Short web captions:

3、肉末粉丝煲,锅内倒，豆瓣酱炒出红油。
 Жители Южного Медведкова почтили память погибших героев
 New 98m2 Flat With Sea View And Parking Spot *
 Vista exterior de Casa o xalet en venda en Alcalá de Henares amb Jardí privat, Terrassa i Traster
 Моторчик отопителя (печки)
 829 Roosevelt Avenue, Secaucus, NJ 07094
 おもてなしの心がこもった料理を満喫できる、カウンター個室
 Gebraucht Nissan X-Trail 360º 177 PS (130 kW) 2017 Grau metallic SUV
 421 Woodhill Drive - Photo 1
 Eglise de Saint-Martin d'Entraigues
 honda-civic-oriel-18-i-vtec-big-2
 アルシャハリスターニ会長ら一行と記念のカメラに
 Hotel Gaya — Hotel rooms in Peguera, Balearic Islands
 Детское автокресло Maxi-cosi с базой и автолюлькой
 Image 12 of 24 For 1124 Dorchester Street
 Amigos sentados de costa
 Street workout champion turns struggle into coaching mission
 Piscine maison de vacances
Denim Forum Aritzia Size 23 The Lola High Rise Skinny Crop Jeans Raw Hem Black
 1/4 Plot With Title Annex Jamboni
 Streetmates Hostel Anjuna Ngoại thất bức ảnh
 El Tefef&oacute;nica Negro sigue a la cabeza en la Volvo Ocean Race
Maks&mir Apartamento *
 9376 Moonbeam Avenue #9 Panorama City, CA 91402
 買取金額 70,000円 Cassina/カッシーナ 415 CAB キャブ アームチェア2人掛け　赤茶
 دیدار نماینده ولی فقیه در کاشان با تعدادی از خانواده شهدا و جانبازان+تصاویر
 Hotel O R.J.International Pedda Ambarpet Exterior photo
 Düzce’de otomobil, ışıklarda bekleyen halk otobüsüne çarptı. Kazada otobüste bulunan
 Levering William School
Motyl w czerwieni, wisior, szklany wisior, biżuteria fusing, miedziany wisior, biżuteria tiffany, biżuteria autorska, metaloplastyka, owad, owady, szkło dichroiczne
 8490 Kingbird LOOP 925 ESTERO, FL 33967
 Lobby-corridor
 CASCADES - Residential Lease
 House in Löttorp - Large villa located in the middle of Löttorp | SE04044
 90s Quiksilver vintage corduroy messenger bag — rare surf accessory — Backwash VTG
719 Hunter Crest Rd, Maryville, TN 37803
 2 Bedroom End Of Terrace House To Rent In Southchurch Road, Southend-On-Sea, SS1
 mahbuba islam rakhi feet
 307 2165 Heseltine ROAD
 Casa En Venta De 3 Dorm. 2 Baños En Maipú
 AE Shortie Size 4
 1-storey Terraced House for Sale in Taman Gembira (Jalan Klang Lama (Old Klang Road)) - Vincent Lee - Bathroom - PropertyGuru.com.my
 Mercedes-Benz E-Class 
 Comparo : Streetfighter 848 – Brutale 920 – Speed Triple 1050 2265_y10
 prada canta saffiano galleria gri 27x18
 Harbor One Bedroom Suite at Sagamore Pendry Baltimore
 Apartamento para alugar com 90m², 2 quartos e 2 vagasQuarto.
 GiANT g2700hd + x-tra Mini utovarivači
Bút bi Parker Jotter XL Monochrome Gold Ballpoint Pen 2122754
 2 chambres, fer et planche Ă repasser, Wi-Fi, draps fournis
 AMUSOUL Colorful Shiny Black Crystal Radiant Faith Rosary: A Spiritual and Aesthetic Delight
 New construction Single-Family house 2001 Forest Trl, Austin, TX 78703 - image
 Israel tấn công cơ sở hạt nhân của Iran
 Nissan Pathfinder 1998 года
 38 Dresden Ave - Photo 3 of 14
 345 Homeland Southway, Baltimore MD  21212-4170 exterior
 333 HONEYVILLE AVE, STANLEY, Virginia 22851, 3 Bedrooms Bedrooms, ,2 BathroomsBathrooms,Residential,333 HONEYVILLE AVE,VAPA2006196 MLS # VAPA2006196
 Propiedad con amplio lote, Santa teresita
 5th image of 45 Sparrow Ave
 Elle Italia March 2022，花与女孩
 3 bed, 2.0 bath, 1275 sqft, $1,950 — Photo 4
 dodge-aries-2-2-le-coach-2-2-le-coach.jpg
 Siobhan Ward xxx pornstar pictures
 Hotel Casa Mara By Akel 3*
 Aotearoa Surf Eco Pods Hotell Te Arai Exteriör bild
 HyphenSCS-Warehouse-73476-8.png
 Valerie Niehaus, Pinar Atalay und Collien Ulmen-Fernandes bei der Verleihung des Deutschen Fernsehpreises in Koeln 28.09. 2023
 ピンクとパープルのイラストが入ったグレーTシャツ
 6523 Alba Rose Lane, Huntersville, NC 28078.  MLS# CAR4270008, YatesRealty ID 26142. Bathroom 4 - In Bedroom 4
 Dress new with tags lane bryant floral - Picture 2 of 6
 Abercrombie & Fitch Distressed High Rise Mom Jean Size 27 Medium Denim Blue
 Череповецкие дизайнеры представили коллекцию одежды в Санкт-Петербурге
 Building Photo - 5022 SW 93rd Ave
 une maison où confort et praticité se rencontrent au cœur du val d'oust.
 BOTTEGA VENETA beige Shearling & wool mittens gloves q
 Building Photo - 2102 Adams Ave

#### AIM OF THE EXERCISE:
From the records above, give again exactly the lines running from the line with "Motyl w czerwieni, wisior, szklany" to the line with "Elle Italia March 2022，花与女孩", inclusive.

#### SOLUTION FOR THIS EXERCISE:
Motyl w czerwieni, wisior, szklany wisior, biżuteria fusing, miedziany wisior, biżuteria tiffany, biżuteria autorska, metaloplastyka, owad, owady, szkło dichroiczne
 8490 Kingbird LOOP 925 ESTERO, FL 33967
 Lobby-corridor
 CASCADES - Residential Lease
 House in Löttorp - Large villa located in the middle of Löttorp | SE04044
 90s Quiksilver vintage corduroy messenger bag — rare surf accessory — Backwash VTG
719 Hunter Crest Rd, Maryville, TN 37803
 2 Bedroom End Of Terrace House To Rent In Southchurch Road, Southend-On-Sea, SS1
 mahbuba islam rakhi feet
 307 2165 Heseltine ROAD
 Casa En Venta De 3 Dorm. 2 Baños En Maipú
 AE Shortie Size 4
 1-storey Terraced House for Sale in Taman Gembira (Jalan Klang Lama (Old Klang Road)) - Vincent Lee - Bathroom - PropertyGuru.com.my
 Mercedes-Benz E-Class 
 Comparo : Streetfighter 848 – Brutale 920 – Speed Triple 1050 2265_y10
 prada canta saffiano galleria gri 27x18
 Harbor One Bedroom Suite at Sagamore Pendry Baltimore
 Apartamento para alugar com 90m², 2 quartos e 2 vagasQuarto.
 GiANT g2700hd + x-tra Mini utovarivači
Bút bi Parker Jotter XL Monochrome Gold Ballpoint Pen 2122754
 2 chambres, fer et planche Ă repasser, Wi-Fi, draps fournis
 AMUSOUL Colorful Shiny Black Crystal Radiant Faith Rosary: A Spiritual and Aesthetic Delight
 New construction Single-Family house 2001 Forest Trl, Austin, TX 78703 - image
 Israel tấn công cơ sở hạt nhân của Iran
 Nissan Pathfinder 1998 года
 38 Dresden Ave - Photo 3 of 14
 345 Homeland Southway, Baltimore MD  21212-4170 exterior
 333 HONEYVILLE AVE, STANLEY, Virginia 22851, 3 Bedrooms Bedrooms, ,2 BathroomsBathrooms,Residential,333 HONEYVILLE AVE,VAPA2006196 MLS # VAPA2006196
 Propiedad con amplio lote, Santa teresita
 5th image of 45 Sparrow Ave
 Elle Italia March 2022，花与女孩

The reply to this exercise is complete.